The Ministry of Finance plans to finance the forecast deficit from the domestic capital market, as well as from external funders. The bulk of the funding is expected to be sourced through the domestic note issuance programme, a P55 billion multi-year instrument through which government borrows from the local market via the BoB.

Thus far this financial year, government has raised gross proceeds of P29.3 billion from the domestic capital market, as the prolonged diamond slowdown has eaten into its revenues. However, the high quantum of fundraising – which compares with P17.7 billion in the prior year – has raised concerns of a crowding out of other borrowers, as well as a sucking up of liquidity in the market.

Responding to BusinessWeek enquiries during a briefing last week, BoB governor, Cornelius Dekop, said the “crowding out” out of the private sector due to the anticipated higher borrowings by government this year was unlikely.

“The government bond programme is announced well in time so the private sector knows about it and plans for it,” he said. “Therefore, there will be no crowding out in my view.”

New deputy director, Lesego Moseki, underlined Dekop’s remarks in his response to BusinessWeek. Prior to February 1, Moseki was the director of the Financial Markets Department, whose mandate includes conducting debt auctions on behalf of government.

“The issue of crowding out is not a major concern because the government will announce its strategy but also because government has said they want to drive the economy through Public Private Partnerships. “Government is the biggest consumer of what the private sector produces and because of the PPPs, we cannot say there will be crowding out. “Every project that government is looking at, they will be looking at the private sector. “I think there is enough funding to support any economic activity that the private sector would like to undertake, as long as that project is bankable.”

A paper presented by International Finance Corporation researcher, Pablo Hernando-Kaminsky at the World Bank’s International Finance Symposium in Washington DC last October states that in general, the build-up of government debt brings with it the fear that it will crowd out private firm debt.

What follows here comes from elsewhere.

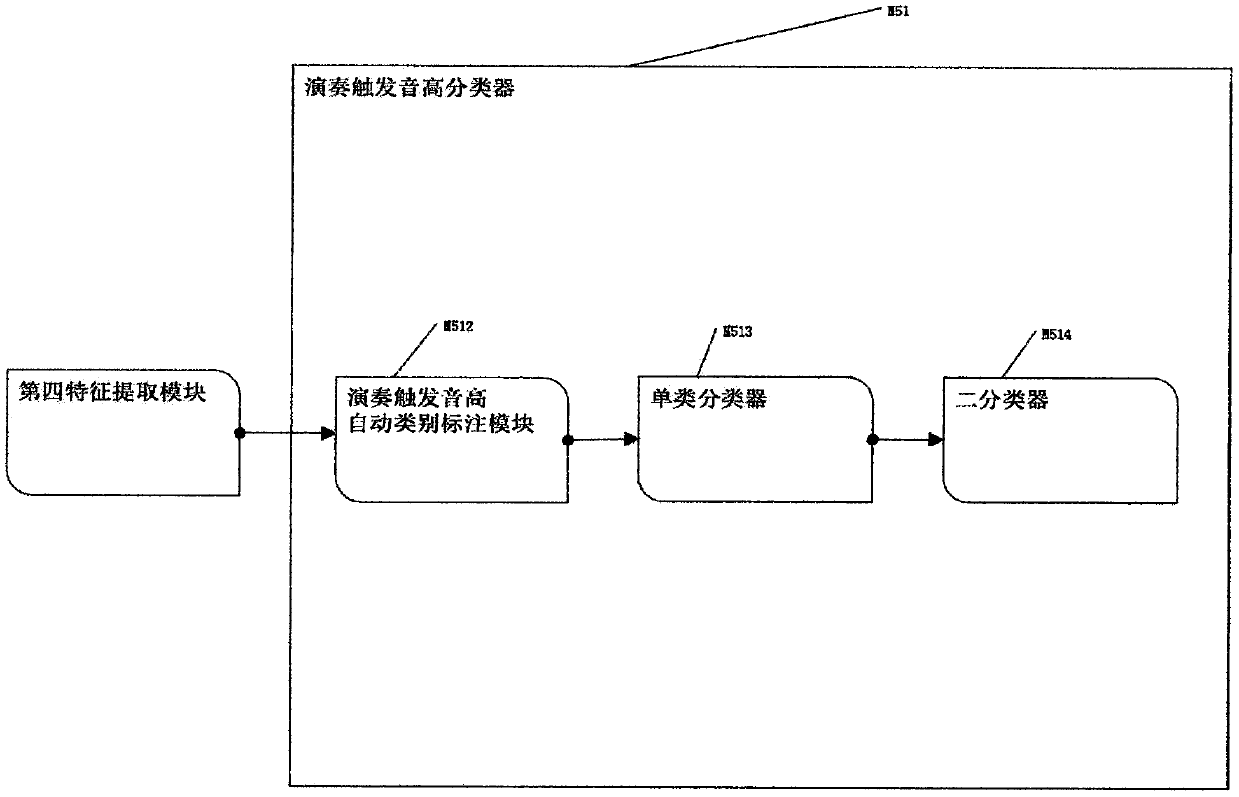 Music analysis data set construction method and pitch and value extraction method based on data set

“If government issuance is crowding out firm issuance, this will lead to less firm investment and can hinder economic growth,” he said. “During crises, firms need to borrow to keep operating. “If they cannot, many may go under.”

Access Bank Botswana country managing director, Sheperd Aisam, told a panel discussion held at the central bank last week, that there were linkages between the size of the government deficit and the liquidity available to other borrowers in the market.

“The issue is the government deficit and the crowding out of banks and how that creates liquidity risk for banks,” he said during the Monetary Policy Statement launch. “Having a low interest rate environment also facilitates and supports the growth of that nature of lending and we understand what it is for, but it does create liquidity risks. “That has an impact on consumers whether retail or SMEs or businesses because there will not be necessarily sufficient liquidity that can be extended to them to allow their business to grow.”

In a commentary covering the fourth quarter of last year, Econsult also noted that "government borrowing may be crowding out bank lending to the private sector".

The local banking sector is battling to recover from a liquidity crisis that deepened in the fourth quarter of 2024, as the diamond downturn affected government receipts and spending. Government stepped up its borrowings from the domestic market roughly in the second half of the year, moving to a monthly record of P4.6 billion in its January auction.

Responding to the liquidity crunch, the BoB in December reduced the Primary Reserve Ratio or the proportion of deposits banks are required to keep at the BoB, from a rate of 2.5 percent to zero.

The move freed up an additional P2 billion for banks’ lending activities, although different banks received varying amounts.

The central bank has since also noted an increase in competition for deposits amongst banks, as indicated by rising deposit rates.